From stricter perspective, imputation is attempting to create a rectangularized dataset
(no incomplete rows) that contains the exact same information and statistical
relationships that exist in the incomplete data. That is, nothing is added, we just have
a (set of) completed datasets that has the same sufficient statistics as the incomplete
observed data. If we want the interactions in the imputed datasets to have the same
relationships with all variables as in the incomplete data, then we need the interactions
constructed in the imputation dataset, to "preserve interaction effects" as you
so describe.
A pragmatic issue arises if there is missingness in either of the variables that go into
the interactions. In that case, it is considered best practice to create the
interactions, imputed the data, and then recreate the interactions. If either variable is
missing, the interaction is also missing, but only one of the constituent parts needs to
be imputed, so reconstructing the interaction after imputation creates interactions that
are logically consistent with the data, and utilize more of the observed information.
Currently, we don't have Amelia create interactions from declared arguments (in the
way that we can have Amelia create logged terms, or break up nominal variables into
dummies from setting arguments in the call to the amelia function). There is, however,
the ability to set up these transformations (like interactions) and record them, and then
reconstruct them after imputation. See section 4.8 "Post-Imputation
Transformations" in the manual for the utility functions Amelia provides for creating
these:
http://r.iq.harvard.edu/docs/amelia/amelia.pdf
Best,
James.
--
James Honaker, Senior Research Scientist
//// Institute for Quantitative Social Science, Harvard University
________________________________
From: amelia-bounces(a)lists.gking.harvard.edu [amelia-bounces(a)lists.gking.harvard.edu] on
behalf of Fabrício Mendes Fialho [fabriciofialho(a)gmail.com]

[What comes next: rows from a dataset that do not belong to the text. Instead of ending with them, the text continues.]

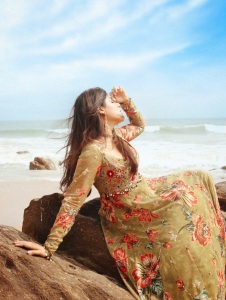 samyuktha-menon-in-anarkali-churidar-trending-style-photos-latest-002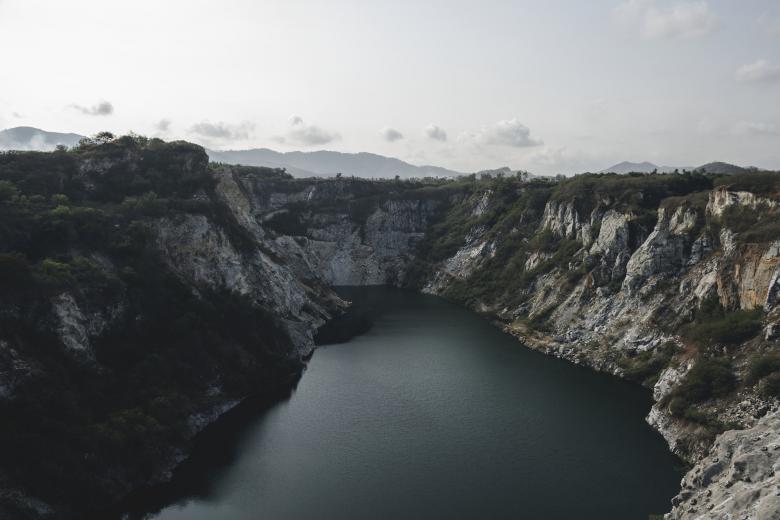 Free stock image of Mountain Range created by Pixabay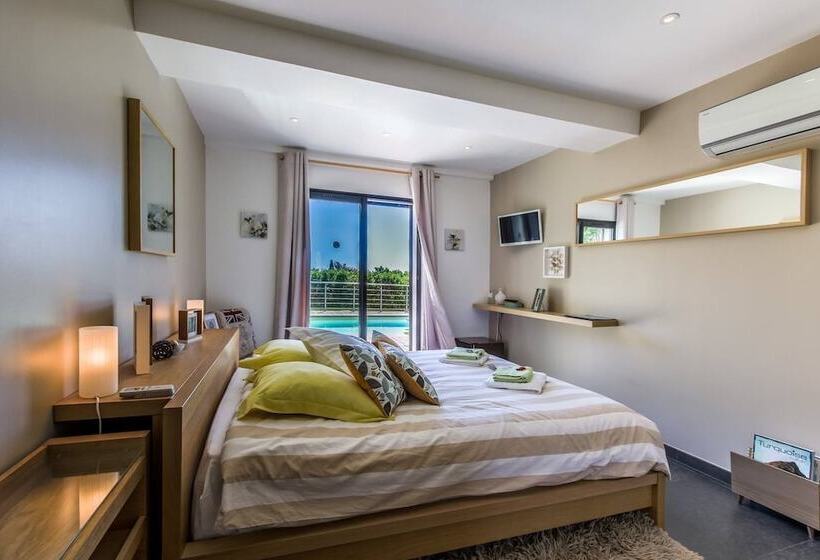 Family Suite, Villa Louancelie B&b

Sent: Wednesday, May 08, 2013 12:57 PM
To: amelia(a)lists.gking.harvard.edu
Subject: [amelia] Including interaction in Amelia MI
Hi all,
Craig Enders, in his Applied Missing Data Analysis (Guilford Press, 2010), suggests that,
if your regression model includes interaction terms, such terms must also be included in
the imputation model as a way to preserve interaction effects (p. 265). Is there a way to
set an interaction term *within* Amelia code or should I generate interactions before the
imputation?
Suppose I am interested in the differential effect of education on attitudes for different
racial groups (say, African-Americans, Asians, Latinos, and Whites). Can I set the
ethnicity*education interaction straight into Amelia code or should I create different
variables for African-Americans*education, Latino*education, and so on to catch the
race*education interaction?
Another possible question: Shouldn't I (or is it not necessary to) include
interactions in the imputation?
Best,
Fabricio.